[Material for this exercise Boundary: Start]

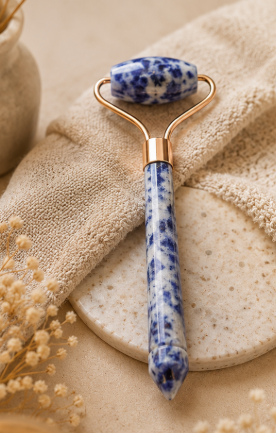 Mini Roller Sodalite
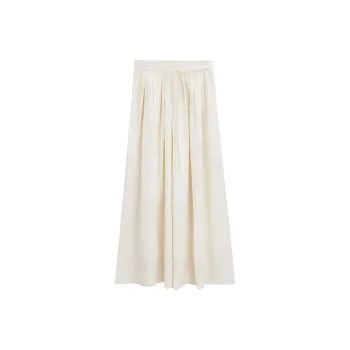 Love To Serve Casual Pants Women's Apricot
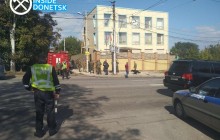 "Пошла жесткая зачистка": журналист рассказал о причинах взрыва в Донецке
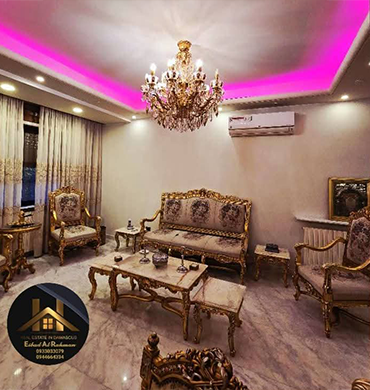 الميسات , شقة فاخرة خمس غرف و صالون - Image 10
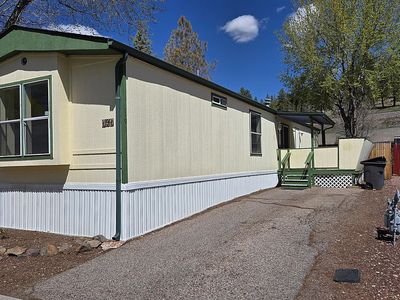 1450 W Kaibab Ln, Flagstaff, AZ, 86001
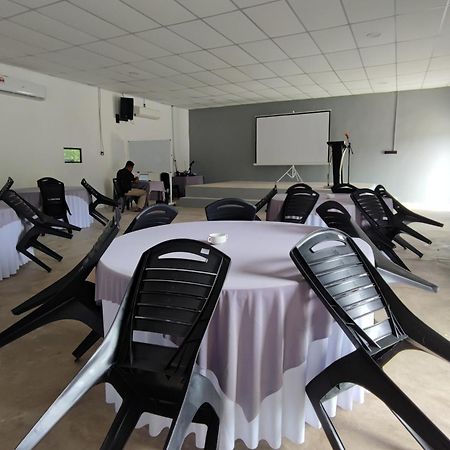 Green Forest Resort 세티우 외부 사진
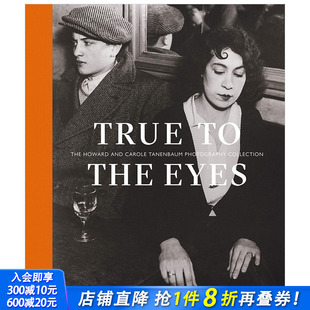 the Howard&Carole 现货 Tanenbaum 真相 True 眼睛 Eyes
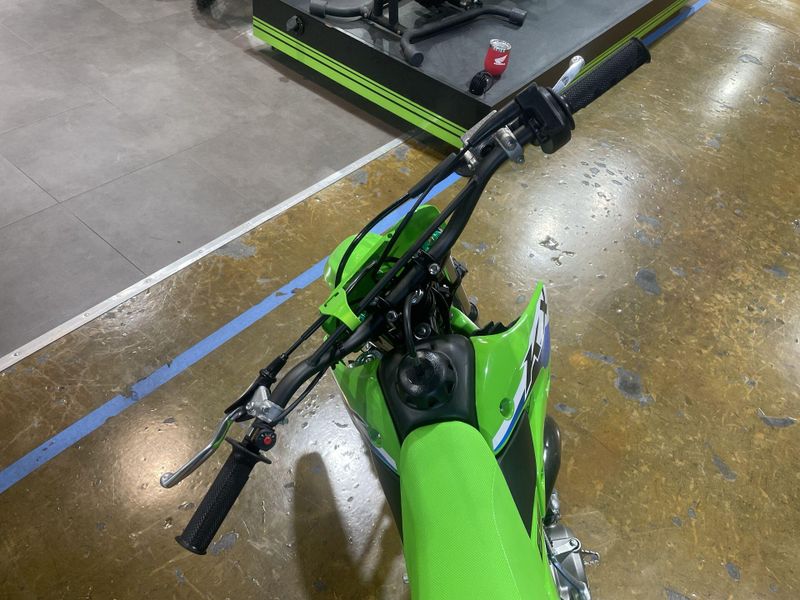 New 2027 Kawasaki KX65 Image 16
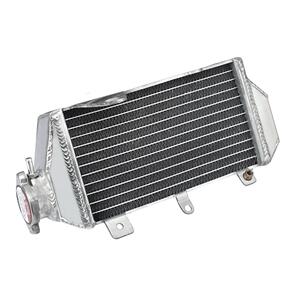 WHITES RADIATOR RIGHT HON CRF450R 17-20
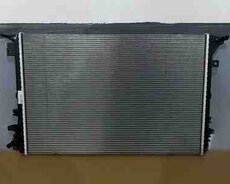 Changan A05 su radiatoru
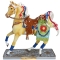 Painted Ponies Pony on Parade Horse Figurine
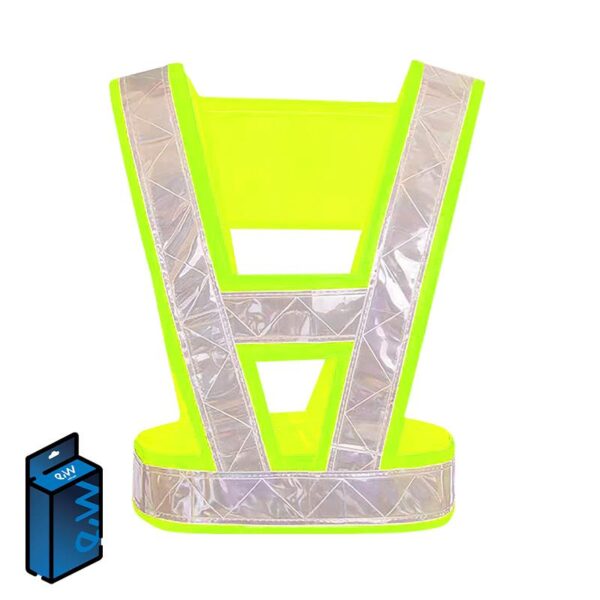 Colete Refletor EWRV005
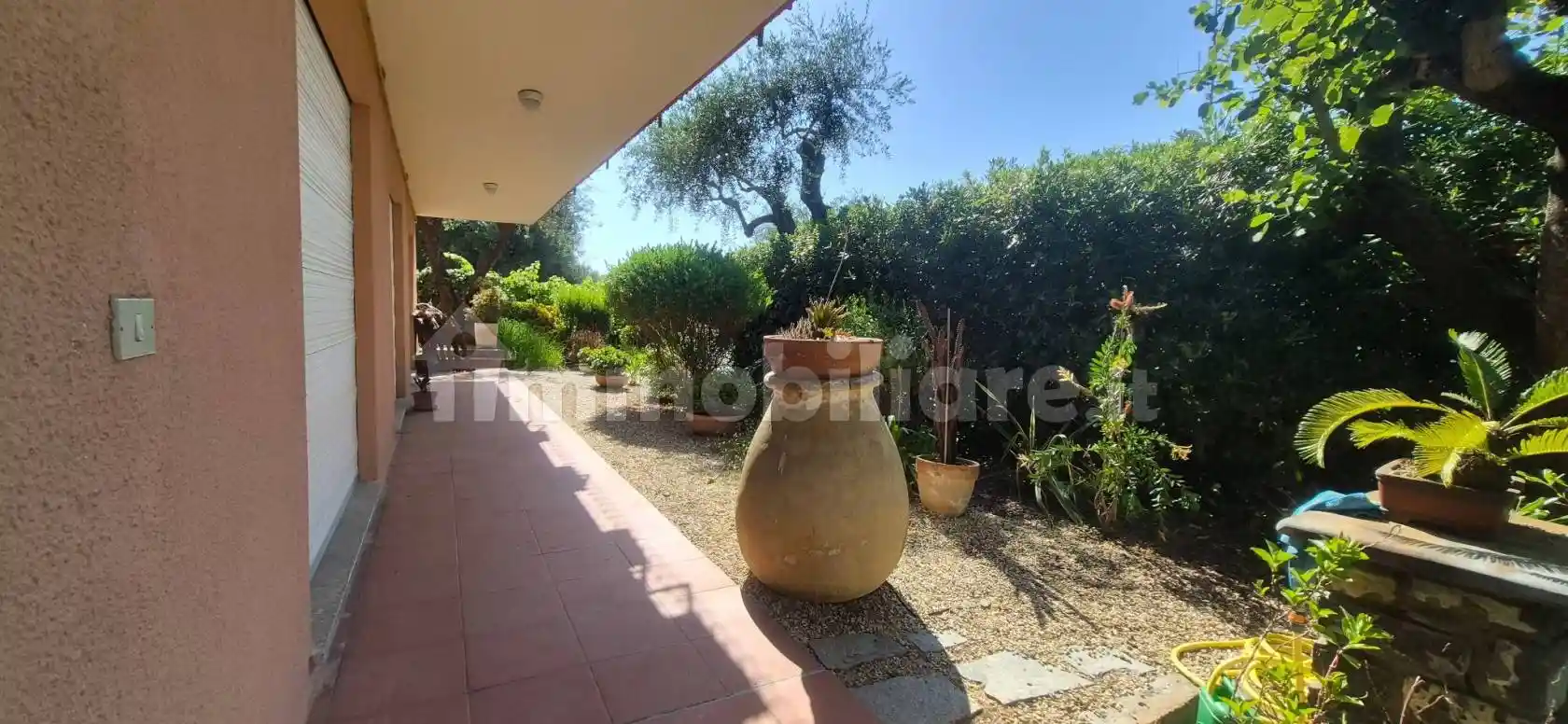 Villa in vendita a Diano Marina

[Material for this exercise Boundary: End]
[Material for this exercise Boundary: Start]

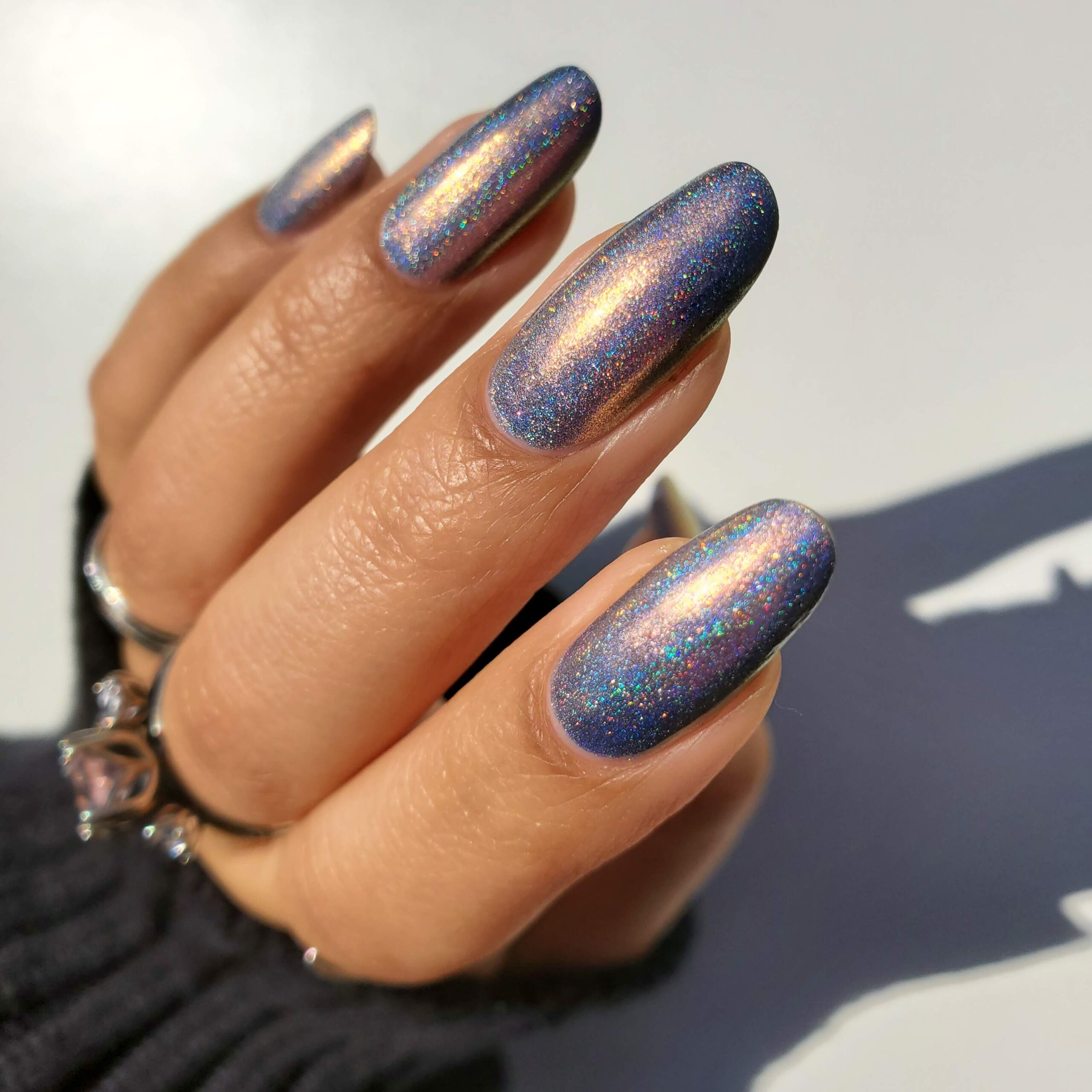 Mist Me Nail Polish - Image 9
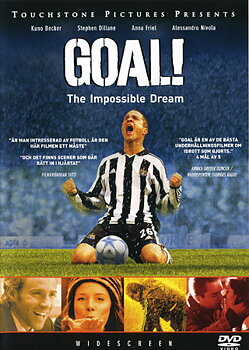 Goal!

[Material for this exercise Boundary: End]

Work to complete:
With pictures excluded, reproduce exactly the lines above from the one containing "взрыва в Донецке" down to the one containing "Villa in vendita a Diano Marina", those two included.

Written response:
 "Пошла жесткая зачистка": журналист рассказал о причинах взрыва в Донецке
 الميسات , شقة فاخرة خمس غرف و صالون - Image 10
 1450 W Kaibab Ln, Flagstaff, AZ, 86001
 Green Forest Resort 세티우 외부 사진
 the Howard&Carole 现货 Tanenbaum 真相 True 眼睛 Eyes
 New 2027 Kawasaki KX65 Image 16
 WHITES RADIATOR RIGHT HON CRF450R 17-20
 Changan A05 su radiatoru
 Painted Ponies Pony on Parade Horse Figurine
 Colete Refletor EWRV005
 Villa in vendita a Diano Marina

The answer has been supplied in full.